然后我们对人脸图片的尺寸 resize 到 (256, 256)

rescale_transform = Rescale((256, 256))
rescale_sample = rescale_transform(sample)
print(rescale_sample['image'].shape) # (256, 256, 3)

2.2 RandomCrop

class RandomCrop(object):
"""Crop randomly the image in a sample.

Args:
output_size (tuple): Desired output size is made.
"""

def __init__(self, output_size):
assert isinstance(output_size, tuple)
self.output_size = output_size

def __call__(self, sample):
image, landmarks = sample['image'], sample['landmarks']

h, w = image.shape[:2]
new_h, new_w = self.output_size

top = np.random.randint(0, h - new_h)
left = np.random.randint(0, w - new_w)

image = image[top: top + new_h, left: left + new_w]
landmarks = landmarks - [left, top]

return {'image': image, 'landmarks': landmarks}

然后我们对人脸图片进行随机裁剪,裁剪的尺寸大小为 (128, 128)

crop_transform = RandomCrop((128, 128))
crop_sample = crop_transform(sample)
print(crop_sample['image'].shape) # (128, 128, 3)

2.3 ToTensor

现在需要使用 torch.from_numpy 函数将数据转化成 tensor,在进行这项操作之前,考虑到 torch 的图片输入顺序为 [C, H, W],而 numpy 的图片顺序为 [H, W, C],因此需要通过 transpose 转化。

class ToTensor(object):
"""Convert ndarrays in sample to Tensors."""

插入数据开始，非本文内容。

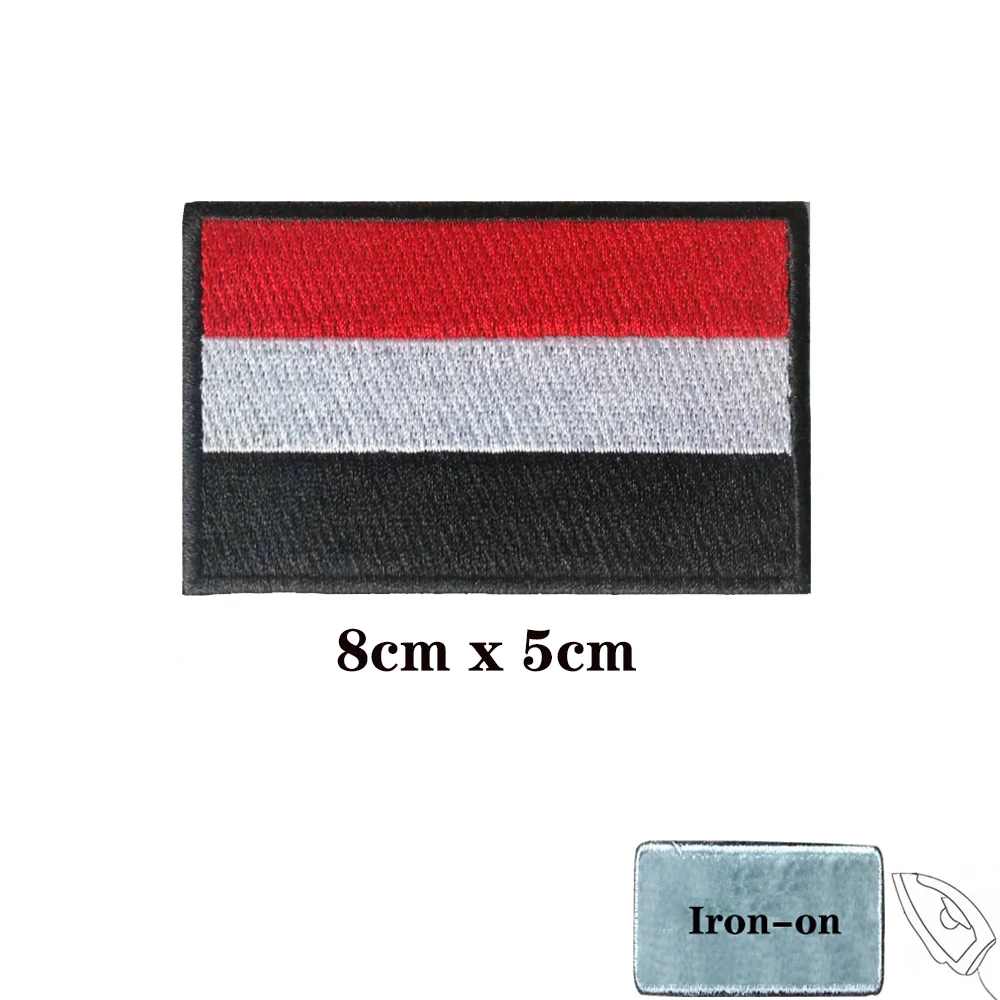 1PC Yemeni flag Yemen Patch Stripes Badge Tags Chevrons Military Armband Iron On Or Hook Loop Embroidered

def __call__(self, sample):
image, landmarks = sample['image'], sample['landmarks']
# swap color axis because
# numpy image: H x W x C
# torch image: C X H X W
image = image.transpose((2, 0, 1))
return {'image': torch.from_numpy(image),
'landmarks': torch.from_numpy(landmarks)}

现在可以尝试改变图片的通道顺序,并转化成 tensor

tensor_transform = ToTensor()
tensor_sample = tensor_transform(sample)
print(tensor_sample['image'].shape) # (3, 160, 160)

3. Compose transforms

最后我们可以通过 transforms.Compose 函数将这些操作串联起来, 并将它传递 FaceLandmarksDataset 类的 transform 参数:

composed_transform = transforms.Compose([Rescale((256, 256)),
RandomCrop((224, 224)),
ToTensor()])
face_dataset = FaceLandmarksDataset(csv_file='faces/face_landmarks.csv',
root_dir='faces/',
transform=composed_transform)

4. Iterating through the dataset

dataloader = DataLoader(face_dataset, batch_size=32, 
shuffle=True, num_workers=4)
for batch_samples in dataloader:
print("=> ", batch_samples["image"].shape, batch_samples['landmarks'].shape)

打印出来的结果为:

=>  torch.Size([32, 3, 224, 224]) torch.Size([32, 68, 2])
=> torch.Size([32, 3, 224, 224]) torch.Size([32, 68, 2])
=> torch.Size([5, 3, 224, 224]) torch.Size([5, 68, 2])

一共有 69 张人脸图片,分成了 3 个 batch (32 + 32 +5)进行吞吐。